- _Source data_:

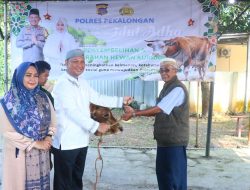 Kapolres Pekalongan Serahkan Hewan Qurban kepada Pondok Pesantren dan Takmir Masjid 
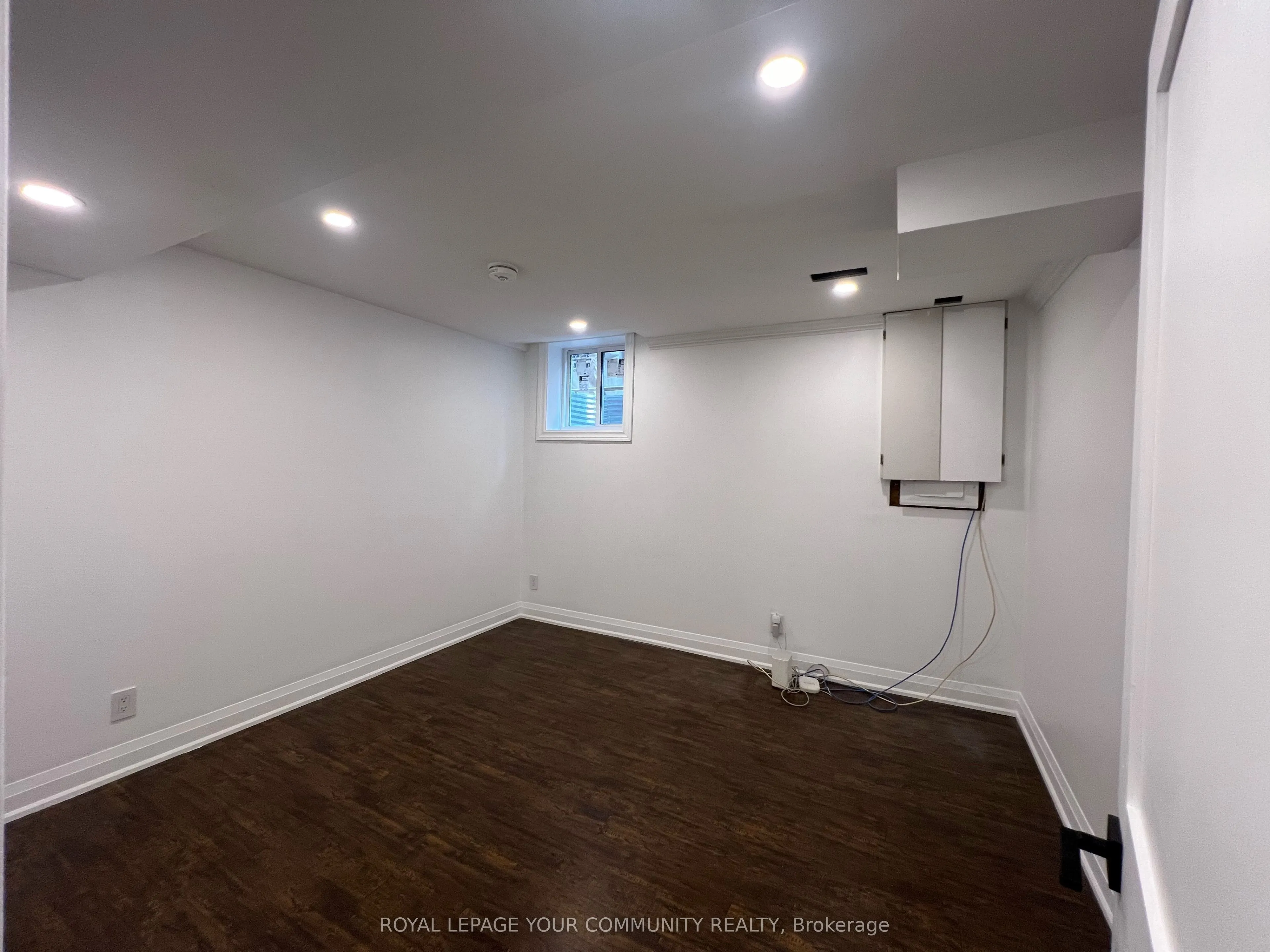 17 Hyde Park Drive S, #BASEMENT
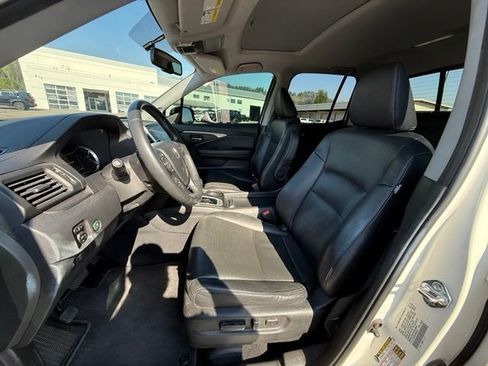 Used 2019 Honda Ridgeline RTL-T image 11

--

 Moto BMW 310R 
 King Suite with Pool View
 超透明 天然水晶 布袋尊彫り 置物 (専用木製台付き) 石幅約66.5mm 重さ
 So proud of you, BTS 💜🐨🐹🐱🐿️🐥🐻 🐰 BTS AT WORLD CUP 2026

...

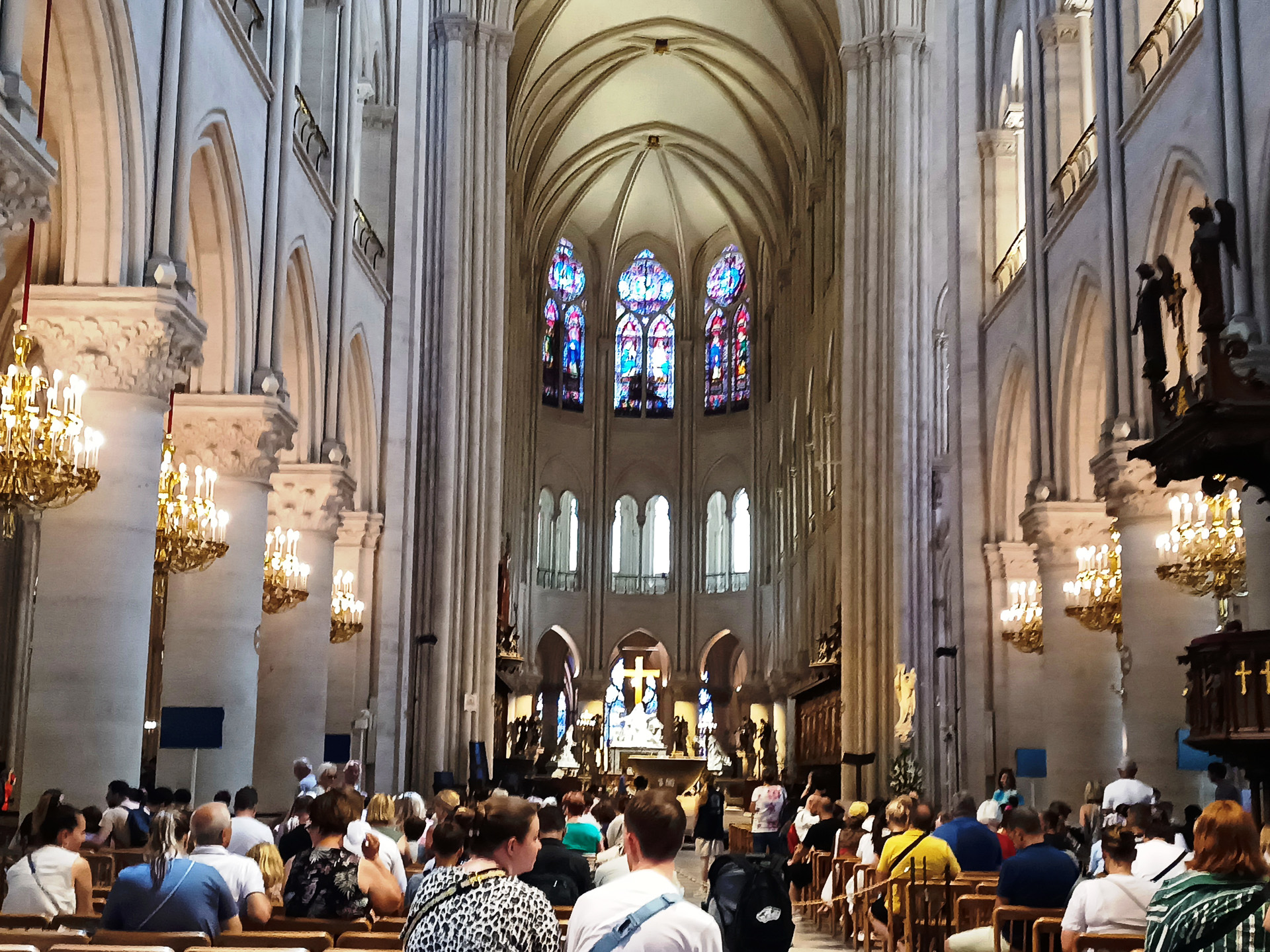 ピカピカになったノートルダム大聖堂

- _Work to be completed_: In the listing above, the lines from the one containing "King Suite with Pool View" through the one containing "So proud of" must be set down exactly, with no other lines.

- _Exercise response_:
 King Suite with Pool View
 超透明 天然水晶 布袋尊彫り 置物 (専用木製台付き) 石幅約66.5mm 重さ
 So proud of you, BTS 💜🐨🐹🐱🐿️🐥🐻 🐰 BTS AT WORLD CUP 2026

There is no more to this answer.